Lower down are entries containing pictures. Copy exactly, without those pictures, the lines from the line with "Scarico Akrapovič in" through the line with "早孕试纸显示一条杠有三种可能".

___ Data for processing ___

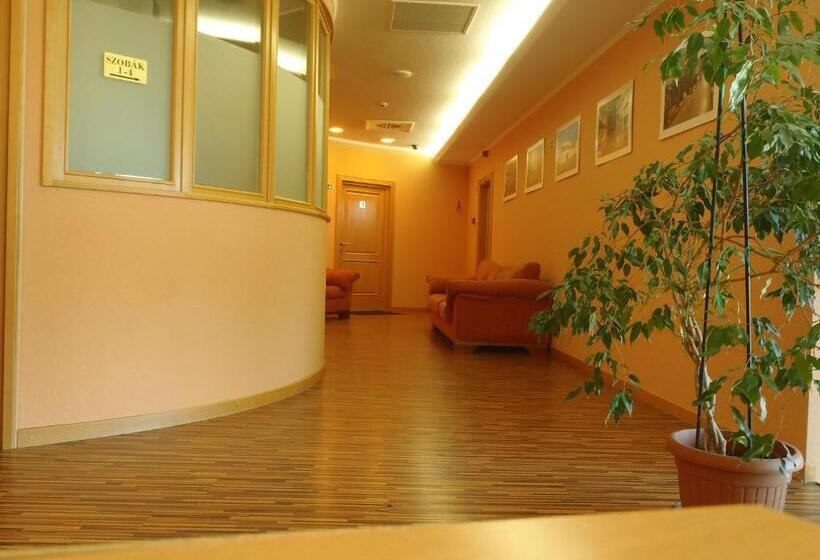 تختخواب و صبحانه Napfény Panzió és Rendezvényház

___
___ Data for processing ___

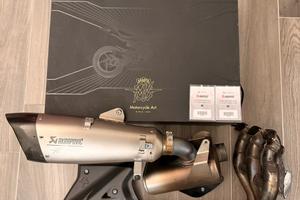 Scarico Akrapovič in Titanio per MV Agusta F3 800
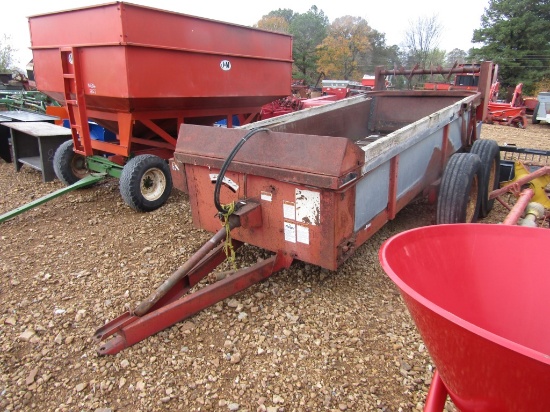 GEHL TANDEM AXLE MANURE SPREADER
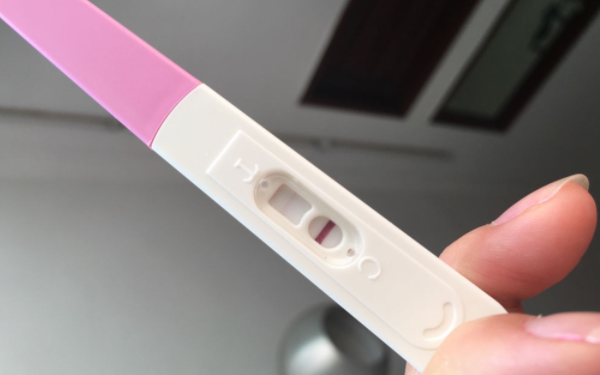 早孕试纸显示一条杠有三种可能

___
___ Data for processing ___

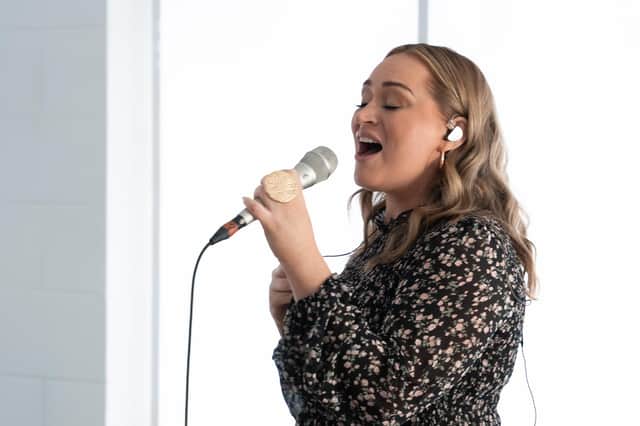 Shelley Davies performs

___

## Solution to the problem
 Scarico Akrapovič in Titanio per MV Agusta F3 800
 GEHL TANDEM AXLE MANURE SPREADER
 早孕试纸显示一条杠有三种可能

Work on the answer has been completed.